В портрете присутствует и другая интригующая деталь – картина в картине, «сезанн» в «сезанне». Имеется в виду небольшой натюрморт «Сахарница, груши и синяя чашка» (цв. ил. 16){126}, отменный образец мастихиновой живописи в свойственной ему «manière couillarde»[15], который висит на стене над головой отца. Частично скрытый «папским троном», в иератической схеме композиции он играет второстепенную роль, но игнорировать его нельзя. Натюрморт – единственное украшение строгого кабинета, и не просто украшение. В полном соответствии со своим характером натюрморт на стене сигнализирует о мощном личном присутствии – несомненном, открытом, горделивом присутствии автора. После двадцати пяти Сезанн ограничил способы самоутверждения. В творческом отношении он постепенно, хотя едва ли осознанно, вступал в свои права; в финансовом же он по-прежнему целиком зависел от «родительского авторитета». «Иногда я даже могу обнять отца»{127}, – говорил он. Правда, на портретах он никогда не смотрит отцу в глаза. «Портрет Луи Огюста Сезанна, отца художника, читающего „Эвенман“» является полной противоположностью «свирепой» манере. Это умозрительное произведение, своеобразная дань благодарности. Но не только: натюрморт позади трона поднимает маленькое знамя независимости.

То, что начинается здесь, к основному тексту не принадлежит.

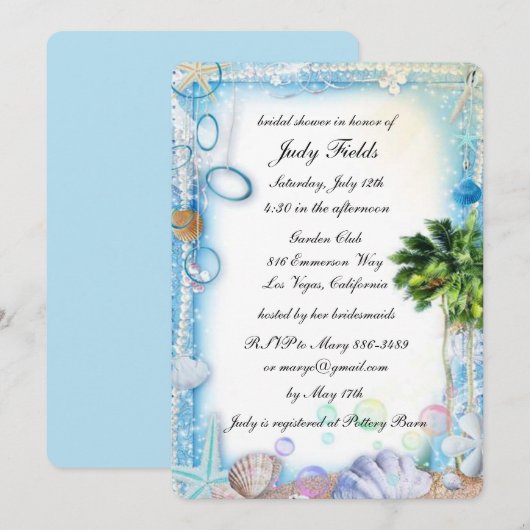 Tropical Beach Seashell Bruiloft Vrijgezellenfeest Kaart (Voorkant / Achterkant)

Отец Сезанна – архетипический человек, всего добившийся сам. Его предки предположительно были выходцами из Чезана-Торинезе в горах Пьемонта, которые в семнадцатом столетии переселились за несколько миль через границу в Бриансон. (В 1850‑х, когда Луи Огюст читал газету «Сьекль», ее окрестили «газетой Кавура», премьер-министра Пьемонта и сторонника Рисорджименто – движения за объединение Италии.) В приходских метрических книгах Бриансона фамилия Чезане превратилась в Сезане, а затем в Сезанн. Последующие перемещения семьи точно реконструировать затруднительно. Первое упоминание о Сезанне в Эксе датируется серединой XVII века. Оноре Сезанн (ок. 1624–1704), прапрадед Луи Огюста, родился в предместьях Амбрёна, к югу от Бриансона, но жил в Эксе и там же в 1654 году женился на Мадлене Буайе. Их сын Дени Сезанн (1659–1738), прадед Луи Огюста, служил секретарем законника в приходе Сен-Мари-Мадлен и в 1700 году женился на Катерине Маргери (ок. 1683–1745) из прихода Сен-Совер. Их сын Андре Сезанн (1712–1764), дед Луи Огюста, стал постижёром; около 1754 года он женился на Мари Бургарель. Их сын Тома Франсуа Ксавье родился в Эксе, но жил и умер в Сен-Захари, в Варе, к северо-востоку от Марселя. Тома Сезанн (1756–1818), отец Луи Огюста, костюмный портной, в 1785 году женился на Розе Ребюфа (1761–1821) в предместье Пуррьер. Их сын Луи Огюст Сезанн (1798–1886) родился в Сен-Захари 10 мессидора VI года по Французскому революционному календарю, то есть 28 июня 1798 года.